This is the message we have heard from him and proclaim to you, that God is light, and in him is no darkness at all. If we say we have fellowship with him while we walk in darkness, we lie and do not practice the truth. But if we walk in the light, as he is in the light, we have fellowship with one another, and the blood of Jesus his Son cleanses us from all sin. If we say we have no sin, we deceive ourselves, and the truth is not in us. If we confess our sins, he is faithful and just to forgive us our sins and to cleanse us from all unrighteousness. If we say we have not sinned, we make him a liar, and his word is not in us. (1 John 1:5–10)
John began his letter by laying out his credentials: he had seen, heard and been around Jesus. This person who was “from the beginning”, this “life made manifest” was someone whom John knew and had followed. He is the eyewitness, and he then goes on to lay out in a few verses what he had heard from Jesus.

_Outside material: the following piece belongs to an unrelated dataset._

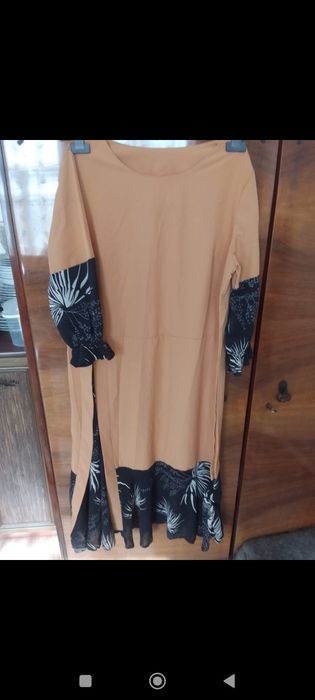 Платье. Продам платье недорого.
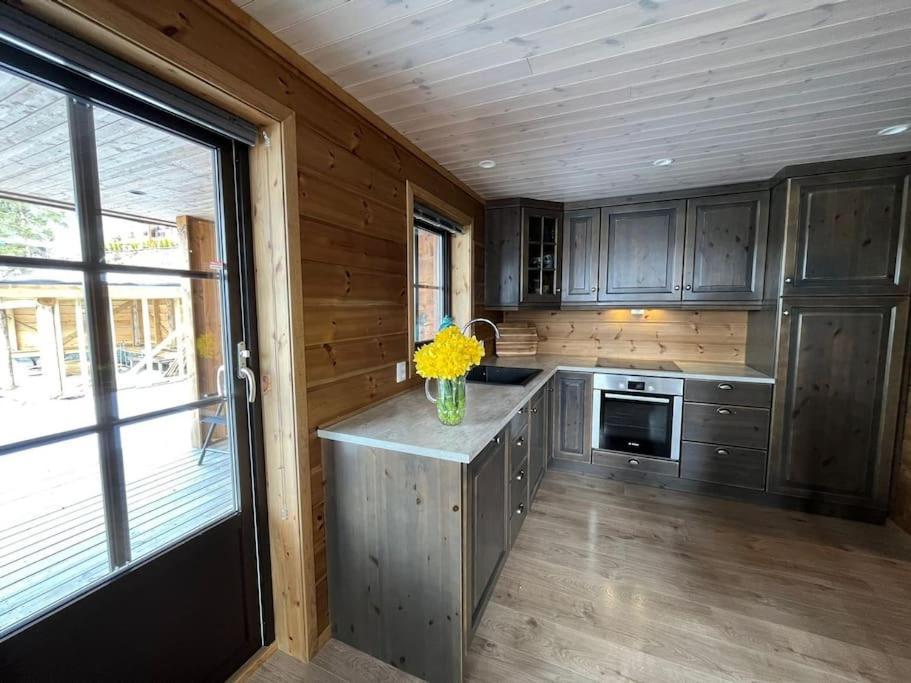 Cabin In Beautiful Surroundings At Harpefossen 노르드피오르다이드 외부 사진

First of all the Apostle sets out a radical distinction: light and dark. This had been a theme in the Gospel too, and it is at the core of how we should understand God. He is light. In him there is no darkness at all. There is a purity to God which is beyond our reach, yet we are called to fellowship with him, to walk with him
How might this be? The answer John gives is two-fold. First of all he urges us to simply live the Christian life, to be part of a group of Christians and to put into practice Jesus’s teaching. Secondly, though, he acknowledges that this walk is plagued with pitfalls. Although we can set out with good intentions, it is also the case that we sin. All of us. In fact, “if we say we have not sinned, we make him [God] a liar, and his word is not in us”.
This is why confession is such an important part of the Christian life. It is a signal that we are trying to live in the light, and that we lament over the things we get wrong. To confess (to God or to another person) is a sign that we recognise that we are not perfect, as God is perfect. It is a sign that we are striving to be more faithful.
And then what a joy to know that we will be ‘cleansed’.